🤖 AI Summary
To address the risk of clinically erroneous synthetic data generated by large language models (LLMs) in high-stakes medical applications, this paper proposes Query-based Model Collaboration Framework (Q-MCF), an expert-guided, query-driven framework that dynamically injects domain-expert knowledge into the LLM generation process to ensure factual accuracy of critical medical information. Q-MCF employs a lightweight collaborative mechanism that embeds structured expert queries directly into the LLM’s inference pipeline, jointly optimizing data quality and clinical safety. Experiments across multiple clinical prediction tasks demonstrate that Q-MCF significantly reduces factual error rates (average reduction of 32.7%) and enhances downstream model robustness and generalization—outperforming state-of-the-art data augmentation methods.
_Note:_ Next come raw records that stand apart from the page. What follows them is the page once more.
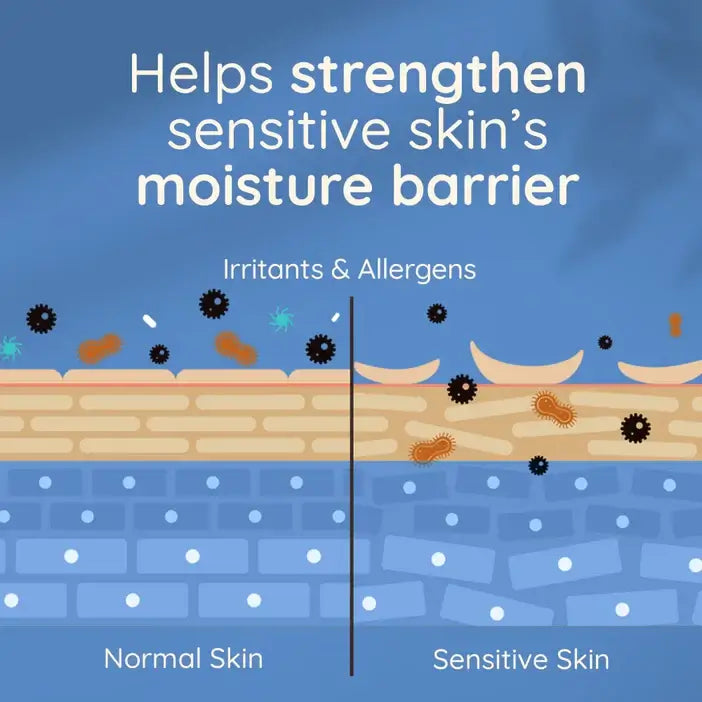 Diagram comparing normal skin and sensitive skin with text about moisture barrier strength.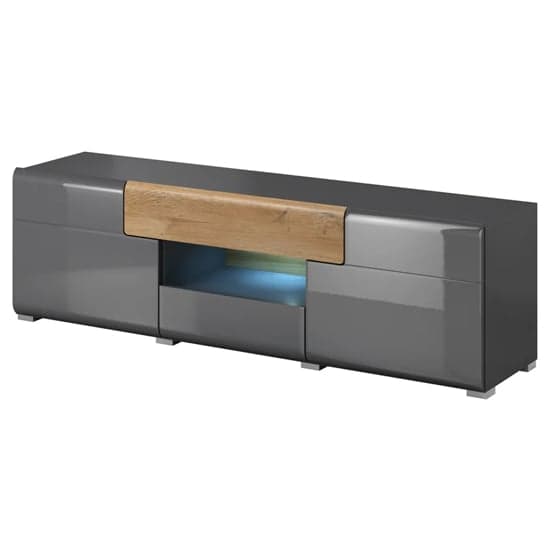 Torino High Gloss TV Stand In Grey And San Remo Oak And LED_2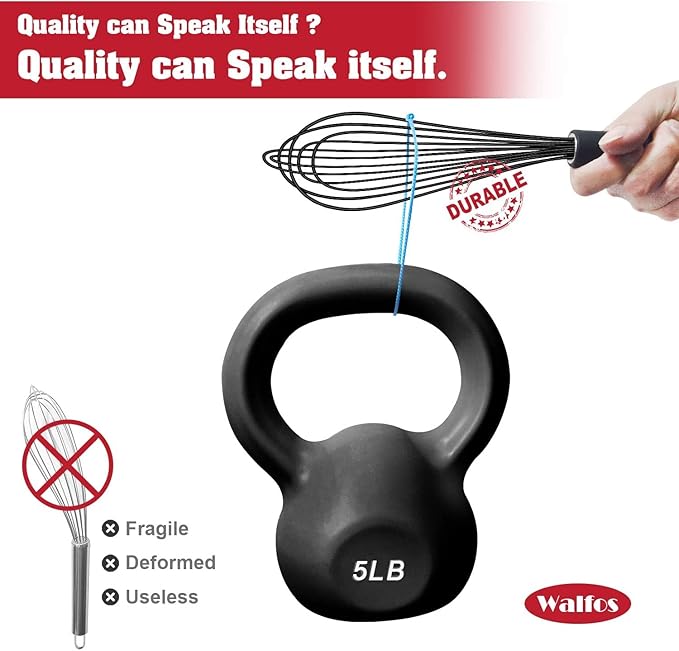 Walfos Whisk Silicone Whisks set, Non Scatch Coated Whisks for Cooking and Baking, Heavy Duty Set of 4 Kitchen Whisk - 11'' Flat Wisk and 7''+10''+12'' Balloon.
To our knowledge, this is the first work to systematically integrate structured expert querying into the LLM-based data augmentation pipeline, establishing a novel, interpretable, and verifiable paradigm for trustworthy medical AI.
📝 Abstract
Data augmentation is a widely used strategy to improve model robustness and generalization by enriching training datasets with synthetic examples. While large language models (LLMs) have demonstrated strong generative capabilities for this purpose, their applications in high-stakes domains like healthcare present unique challenges due to the risk of generating clinically incorrect or misleading information. In this work, we propose a novel query-based model collaboration framework that integrates expert-level domain knowledge to guide the augmentation process to preserve critical medical information. Experiments on clinical prediction tasks demonstrate that our lightweight collaboration-based approach consistently outperforms existing LLM augmentation methods while improving safety through reduced factual errors. This framework addresses the gap between LLM augmentation potential and the safety requirements of specialized domains.